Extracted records
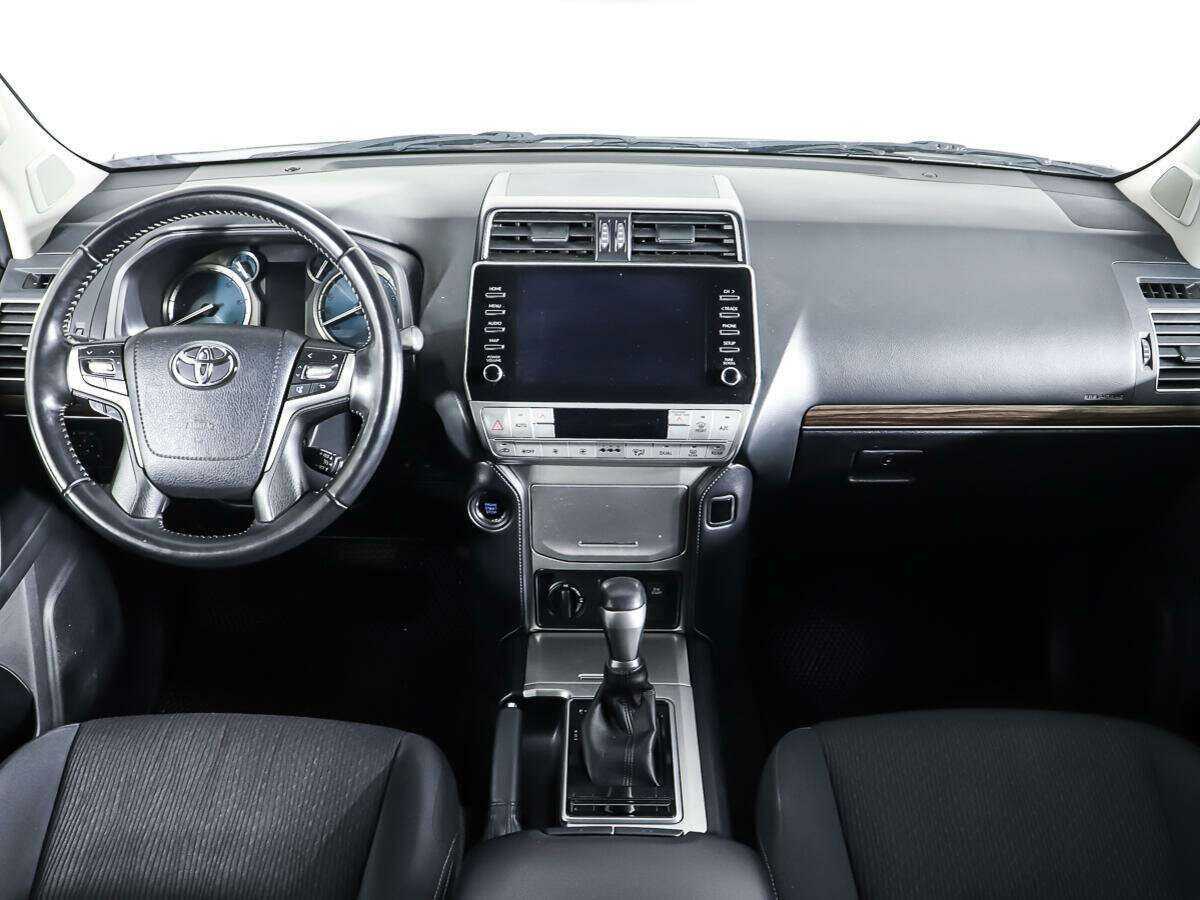 Купить Toyota Land Cruiser Prado с пробегом. Фото: #10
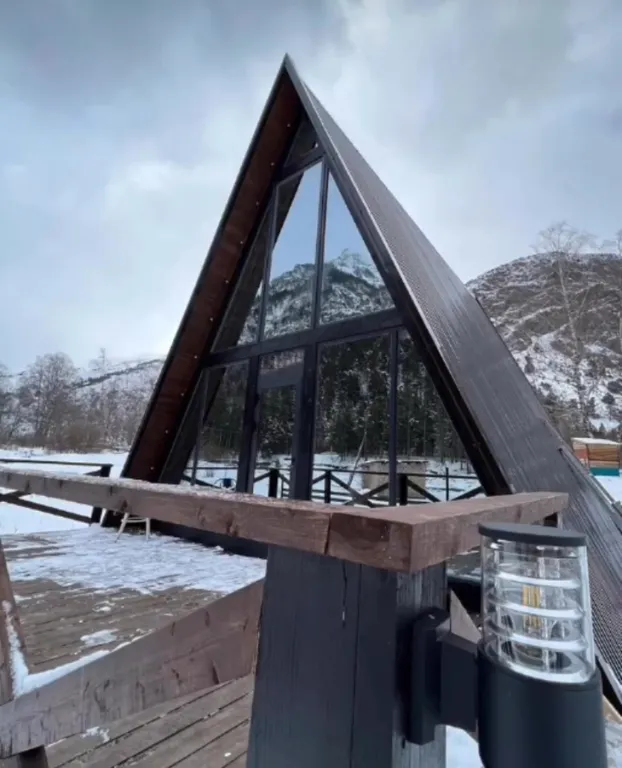 Треугольный дом River House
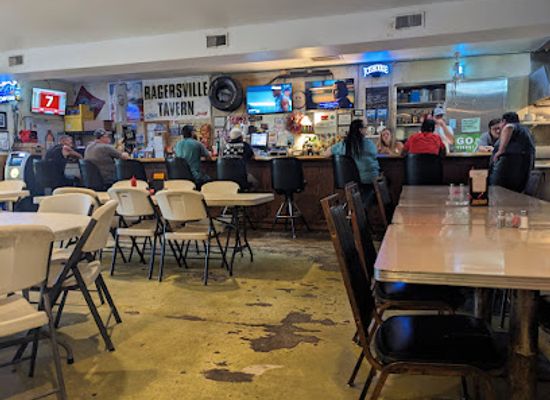 ohio/amish-country/bar/tavern-of-ragersville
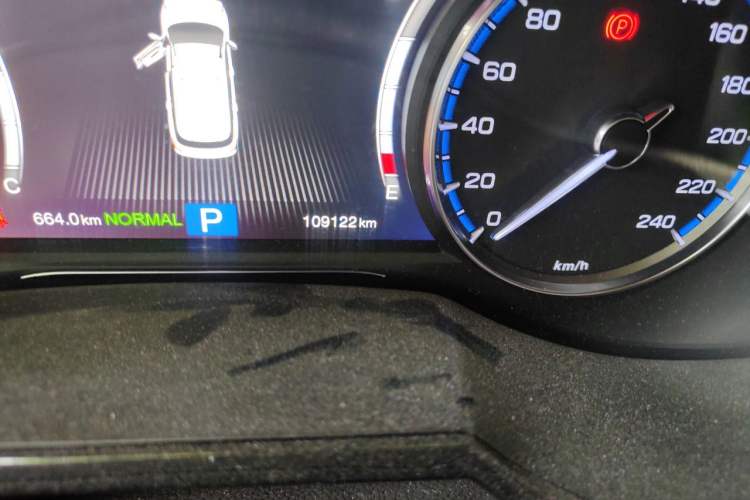 Used GAC Trumpchi GS8 2017 320T Two-Wheel Drive Luxury Smart Connectivity Version (7 Seats) Odometer Close Up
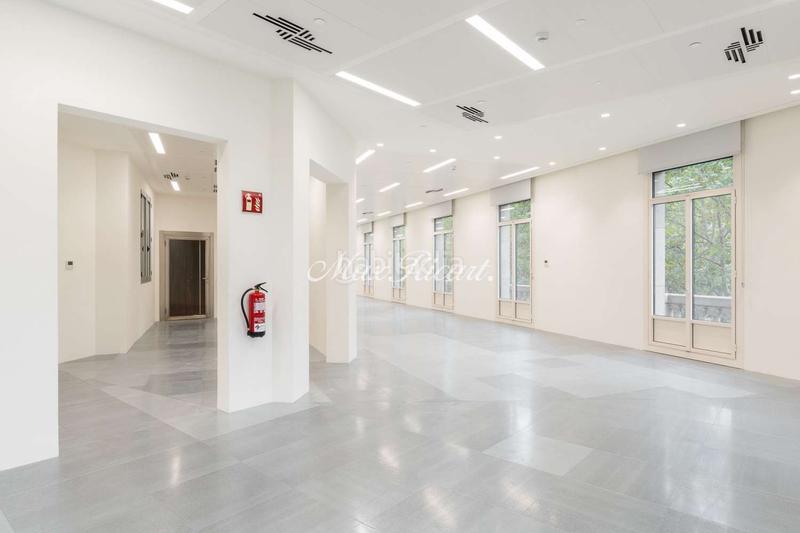 Foto 708d4322-6b3f-4687-870e-2de18190808b. Rent office space with heating parking in L´Antiga Esquerra de l´Eixample Barcelona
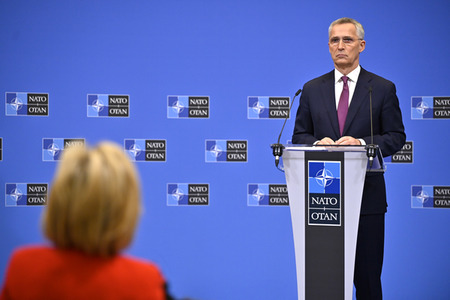 Pressekonferenz mit Jens Stoltenberg im NATO Hauptquartier in Brüssel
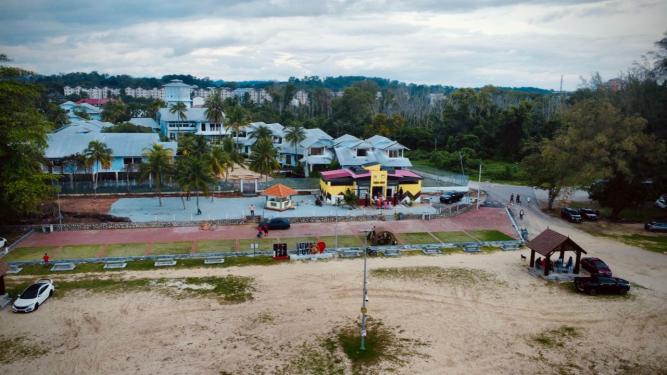 PD CamperVan Park Pantai Batu 5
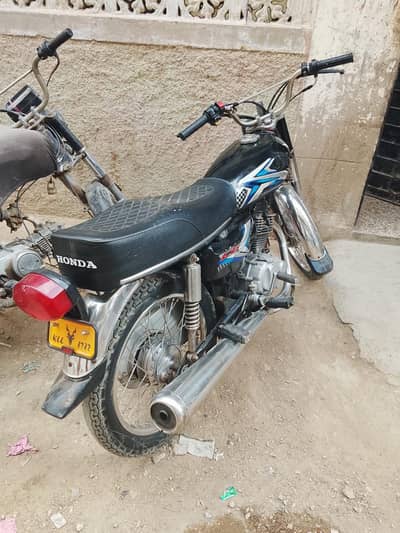 united 125 fast onwar bike hai document celer 03131276165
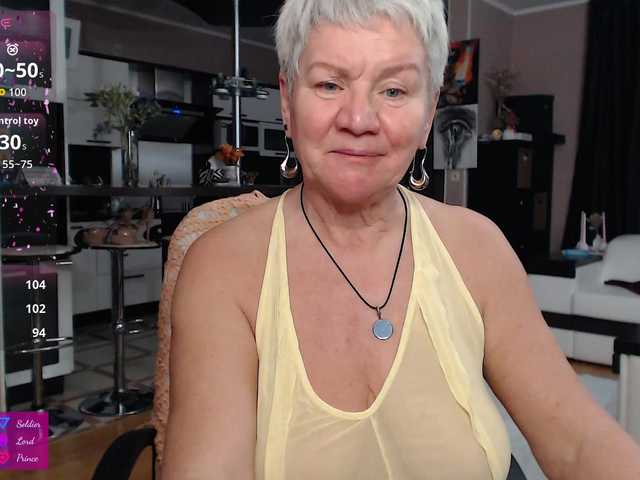 roxana-brooks's BongaCams show and profile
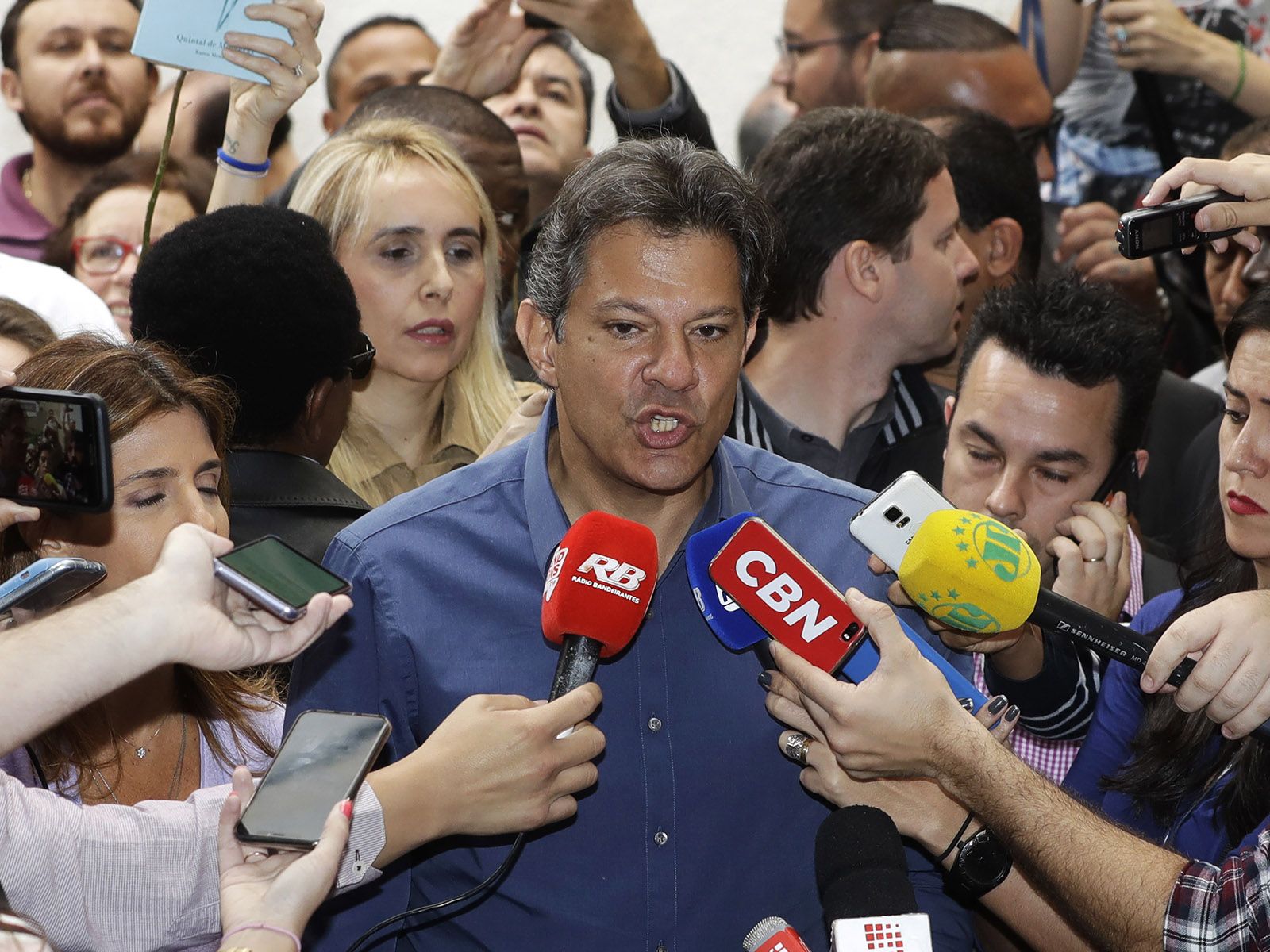 Bolsonaro y Haddad votando en la segunda vuelta de las elecciones en brasil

§ **What is being asked**
Leave out every picture and copy the rest of the records exactly.

§ **Completed exercise**
 Купить Toyota Land Cruiser Prado с пробегом. Фото: #10
 Треугольный дом River House
 ohio/amish-country/bar/tavern-of-ragersville
 Used GAC Trumpchi GS8 2017 320T Two-Wheel Drive Luxury Smart Connectivity Version (7 Seats) Odometer Close Up
 Foto 708d4322-6b3f-4687-870e-2de18190808b. Rent office space with heating parking in L´Antiga Esquerra de l´Eixample Barcelona
 Pressekonferenz mit Jens Stoltenberg im NATO Hauptquartier in Brüssel
 PD CamperVan Park Pantai Batu 5
 united 125 fast onwar bike hai document celer 03131276165
 roxana-brooks's BongaCams show and profile
 Bolsonaro y Haddad votando en la segunda vuelta de las elecciones en brasil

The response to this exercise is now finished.